If you don't find the result you're looking for from the quick search, you can launch an advanced search on all objects by clicking Advanced search at the bottom of the results displayed in the quick search.

Enter keywords or sentences in the search bar and click Search.

You can sort out the results by relevancy, last update date, or object type (opportunities, agreements, attachments, etc...).

Search scope

All text fields, list values, documents, and email content from initiatives, opportunities, companies, agreements, amendments, obligations, meetings, contacts, evaluations, comments, conferences, and campaigns.

Search tips

  • Quotation Marks (" "): Put quotation marks around a phrase to search for those exact words in that exact order.
    Example: "ABC Pharma" will only show results with the exact phrase ABC Pharma.

  • AND: Use AND (in capital letters) between words to find results that include all the terms, no matter the order.
    Example: ABC AND Pharma will show results that mention both ABC and Pharma.

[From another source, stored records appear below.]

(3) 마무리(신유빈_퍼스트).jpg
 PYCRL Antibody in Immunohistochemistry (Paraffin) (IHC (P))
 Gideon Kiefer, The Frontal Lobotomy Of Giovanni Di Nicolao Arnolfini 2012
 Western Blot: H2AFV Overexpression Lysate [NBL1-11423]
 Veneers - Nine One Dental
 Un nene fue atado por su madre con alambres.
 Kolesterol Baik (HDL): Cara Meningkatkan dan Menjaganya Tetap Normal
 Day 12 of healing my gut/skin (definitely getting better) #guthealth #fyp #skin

  • OR: Use OR (also in capital letters) to find results that include either word.
    Example: ABC OR Pharma will show results with ABC, Pharma, or both.

  • NOT: Use NOT before a word to leave it out of your results.
    Example: ABC NOT Pharma will show results with ABC, but not Pharma.

  • Asterisk (*): Use * to search for variations of a word.
    Example: bio* finds words like biology, biotech, or biomedical.
    bio*tech finds words that start with bio and end with tech, like biotech or biomedtech.

How search relevance is calculated

When you search for something, the system ranks the results based on how relevant they are to your search. To do this, it looks at a few things:

  • How important the word is in each document: If a word appears several times in a document, that document is likely more relevant.
  • How often the word appears: If a word shows up in many documents, it might not be very specific or helpful, so those documents get a lower score.
  • Where the word appears: If the word is found in a short section of text (like a title or tag), it’s more likely to be relevant than if it’s buried in a long block of text.

These factors help the system show you the most useful results first.